Castello di Motta della Placa – Francavilla di Sicilia

Il Castello di Motta della Placa, in realtà un antico monastero, sorge in una posizione isolata e spettacolare, arroccato su uno sperone di roccia impervio che domina l’intera valle dell’Alcantara: la rupe della Batiazza. Questa collocazione strategica ne determinò per secoli la duplice funzione: luogo di spiritualità e, al tempo stesso, baluardo difensivo. Le strutture monastiche furono infatti adattate a scopi militari, trasformando il complesso in una roccaforte capace di resistere ad assalti e incursioni, simbolo di protezione e di forza nel cuore della Sicilia medievale. Provenendo dall’abitato di Francavilla di Sicilia verso l’interno, la sua sagoma appare in prossimità del bivio per Novara di Sicilia, testimoniando ancora oggi l’importanza strategica e simbolica di questo luogo. La collocazione geografica non fu casuale: come altri monasteri bizantini e basiliani della Sicilia orientale, anche quello della Placa fu eretto in un luogo impervio ma ricco di risorse naturali, come acqua e vegetazione. L’insieme costituiva così un presidio spirituale, agricolo ed economico, capace di autosostenersi e al tempo stesso di rappresentare un punto di riferimento per l’intera comunità circostante.

La storia del Monastero di Francavilla di Sicilia

La fondazione del Monastero del San Salvatore della Placa di Francavilla di Sicilia risale alla fine dell’XI secolo, precisamente al 1093, secondo un documento di donazione del conte Ruggero. Alcuni studiosi ipotizzano che la sua origine sia da retrodatare al 1080, e che il monastero sia sorto su un preesistente luogo sacro di origine bizantina, di cui purtroppo non restano tracce. Nel corso della sua storia, il complesso subì diversi adattamenti: la cronaca di Nicolò Speciale, nel 1299, ricorda l’«arx placarum», mentre nel 1356 è documentata la sua utilizzazione come fortezza, nota come «mocta placarum». Per oltre due secoli, quindi, il monastero mantenne una duplice funzione: luogo di preghiera e struttura difensiva.
Il terremoto del 1693 segnò l’inizio del suo declino: gravemente danneggiato, il complesso divenne pericolante e, intorno alla metà del XVIII secolo, i monaci basiliani furono costretti ad abbandonarlo per trasferirsi nei pressi dell’abitato di Francavilla. Le leggende locali arricchiscono la sua memoria: celebre è quella di San Cremete, che secondo la tradizione sopravvisse miracolosamente a una caduta dallo strapiombo adiacente al monastero, interpretata come un segno divino della sua santità.
Il monastero fu anche centro di attività produttive: i palmenti rupestri scavati nella roccia e ancora oggi visibili testimoniano la produzione vinicola delle comunità monastiche medievali. Queste strutture, insieme alle cisterne ipogee per la raccolta dell’acqua piovana, raccontano di un’economia autosufficiente e di una quotidianità scandita dal lavoro e dalla preghiera.

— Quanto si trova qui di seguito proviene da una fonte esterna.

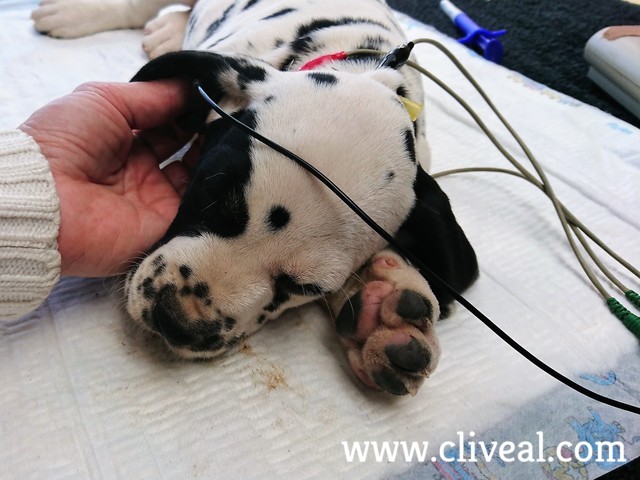 dalmata con parche haciendose pruebas de potenciales evocados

Architettura e resti del complesso

Oggi il monastero si presenta come un insieme di ruderi, ma l’analisi delle sue strutture consente di ricostruirne in parte l’assetto originario. I resti sorgono su un dado marnoso accessibile solo da occidente, mentre per tre lati le pareti precipitano in dirupi profondi centinaia di metri. L’impianto non era unitario ma frutto di successive aggregazioni: gli ambienti principali erano orientati verso est, con un deambulatorio comune e piccole celle per i monaci. L’ingresso conduceva a tre vani quadrati, seguiti da una chiesa a pianta rettangolare con nartece e abside poligonale. La chiesa presenta due tipologie di muratura: in basso conci di pietra squadrati, in alto pietrame minuto legato da malta e cocci. Questa differenza fa supporre una ricostruzione da un impianto originario bizantino. Accanto alla chiesa, alcuni vani rettangolari potrebbero essere stati usati come palmenti, mentre a sud una cisterna a volta ricoperta da malta idraulica garantiva l’approvvigionamento idrico.
La conformazione del monastero richiama quella dei celebri complessi monastici delle Meteore in Macedonia: edifici costruiti su speroni isolati, raggiungibili solo con scale a corda o ponticelli, che rappresentavano luoghi di preghiera, rifugio e resistenza. Il monastero di Motta della Placa, edificato ben prima di quelli macedoni, potrebbe persino aver costituito un modello esportato dalla Sicilia verso la Grecia.
Oggi, nonostante le macerie e il degrado, i ruderi del monastero basiliano restano una testimonianza preziosa della storia religiosa, militare ed economica della Sicilia medievale. Un luogo che racconta, tra fede e leggenda, la capacità dei monaci di integrare spiritualità, architettura e vita quotidiana in un contesto unico e irripetibile.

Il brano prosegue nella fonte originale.